After was all said and done, the Dow had fallen by 416 points, the S&P by 50.33 and the NASDAQ got hammered to the tune of 96.65 points.
So in the end, what really happened?
Looking back it was pretty simple. Amid all the endless talk by analyst after analyst about the need for a correction, we finally got one. And it came courtesy of the self-fulfilling prophecy.
Add to that the brewing worries about the sub-prime contagion, a falling housing market and decelerating corporate profits, and the stage for the correction was set.
All the markets needed at that point was a reason to sell off, and when Alan Greenspan let it be known that a recession was brewing, it set off the chain of events that led to the big decline.
The herd wanted a correction, was looking for a correction, and on Tuesday it had decided en masse that the correction had begun. After all, the Maestro himself said so.
Call it “Irrational Exuberance,” Part 2.
Just like his famous comments in 1996 that sent the markets into a freefall the next day, Greenspan’s recession call on Monday proved once again that when the former Fed chairman speaks, the markets listen.
Even from the lecture tour, Greenspan can still pull the strings.
But as bad as the day was, it’s important to keep it all in perspective.

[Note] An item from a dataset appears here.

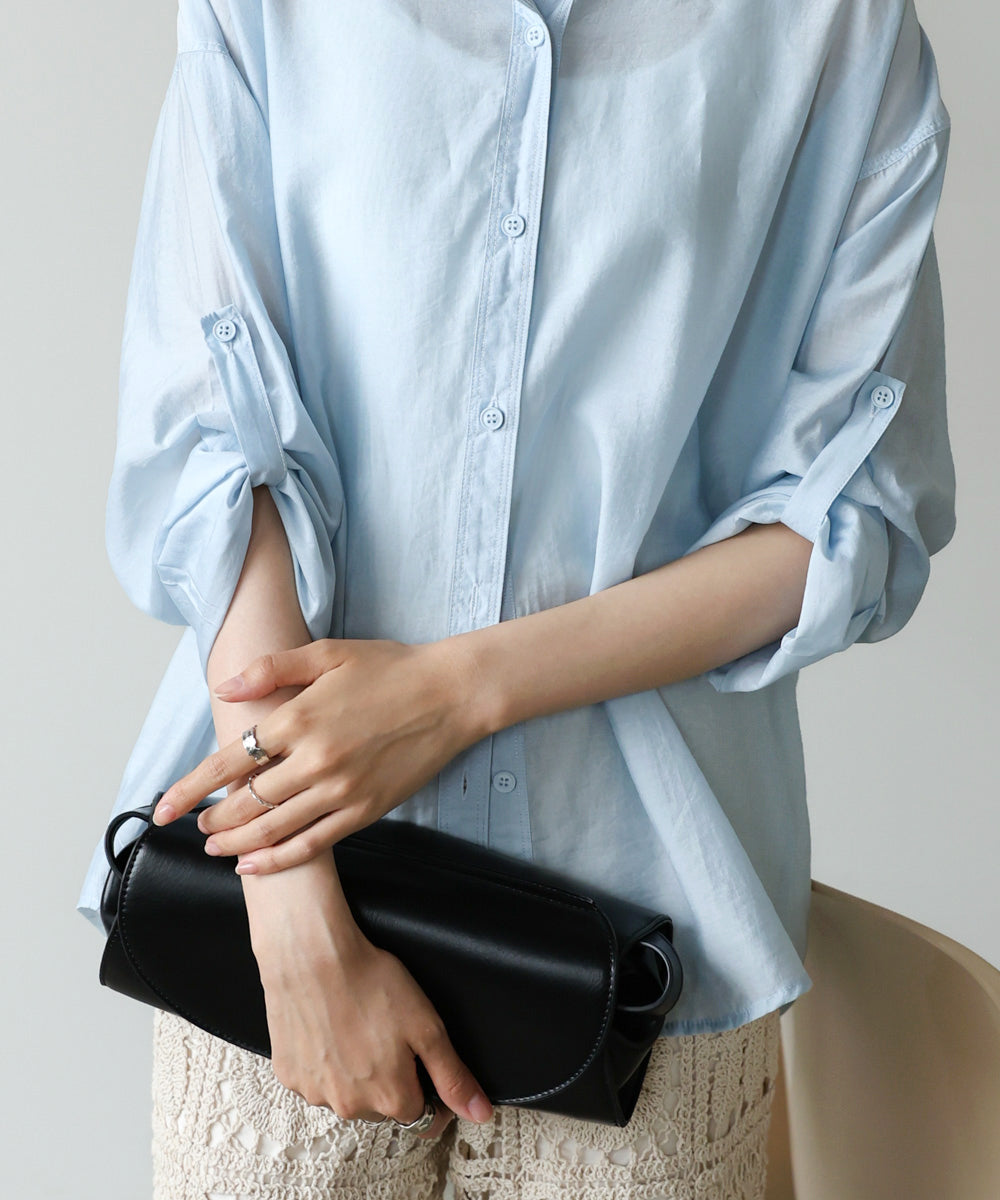 ロールアップスリーブブラウス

In truth, it was miniscule compared to what historians have identified as crashes. The crash on October 19, 1987, took the stock market down 22.9 percent, while the 1929 crash included a 12.8 percent fall on October 28.

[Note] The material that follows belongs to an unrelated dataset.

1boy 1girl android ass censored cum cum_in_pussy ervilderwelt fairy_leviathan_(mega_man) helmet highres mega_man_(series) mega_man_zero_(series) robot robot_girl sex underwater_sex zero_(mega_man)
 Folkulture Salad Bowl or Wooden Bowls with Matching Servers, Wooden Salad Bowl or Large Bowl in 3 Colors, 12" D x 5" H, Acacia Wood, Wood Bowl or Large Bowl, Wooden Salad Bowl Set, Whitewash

Tuesday’s events were nothing compared to those.
In fact, the move was very similar the “irrational exuberance”-inspired decline. Markets at that time staged a 3% one-day drop and fell even further to a 7% overall correction.
Similarly, the Asian flu caused an even bigger decline in 1997 as the Dow dropped 7% in one day, twice as far as what happened on Tuesday.

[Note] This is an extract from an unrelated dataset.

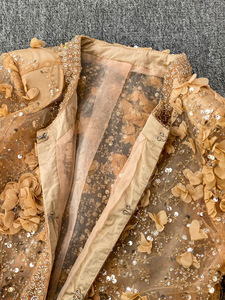 Giacca Europea con Paillettes e <span class=keywords><strong>Fiori</strong></span> in Rilievo, Collo Tondo, Casual Primaverile per <span class=keywords><strong>Donna</strong></span> in Viscosa/Poliestere, Stile Raffinato - Product Image 3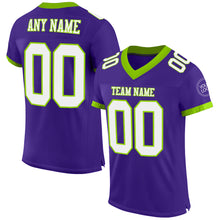 Load image into Gallery viewer, Custom Purple White-Neon Green Mesh Authentic Football Jersey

And history has shown the markets only went higher following those earlier big declines. In fact, in the years that followed those downside moves, the markets pushed on to all-time highs.
So while the huge selloff was hard to swallow, it does offer the chance to buy stocks much more cheaply in the short run. That’s why now is exactly the time to begin shopping for stocks at a discount, because although the markets did manage to calm down the next day, one thing is certain – they will fall still further.
Tuesday’s move was simply too strong to be ignored. It was an earthquake and there will be aftershocks, regardless of chairman Bernanke’s statements yesterday.
The real Fed Chairman may have talked the markets off of the ledge on Wednesday, but in truth, what Tuesday proved was that there was a strong layer of latent fear lurking beneath the surface of the bull run. If you doubt that just take a look at the action on the CBOE VOLATILITY INDEX (^VIX).
But as a relative measure of fear, the VIX also serves as a window into opportunity. After all, making money in these markets takes the ability to buy in the face of that very same fear.
In fact, while watching the carnage unfold on Tuesday, I was busy looking for bargains in between the howls. And by day’s end I had managed to find several great stocks that have suddenly made my watch list.
I’ll be bringing some of them to you over the next few weeks and looking for spots to test those very waters. After all, Tuesday was no ordinary day – amid the selloff a new opportunity to profit was also born.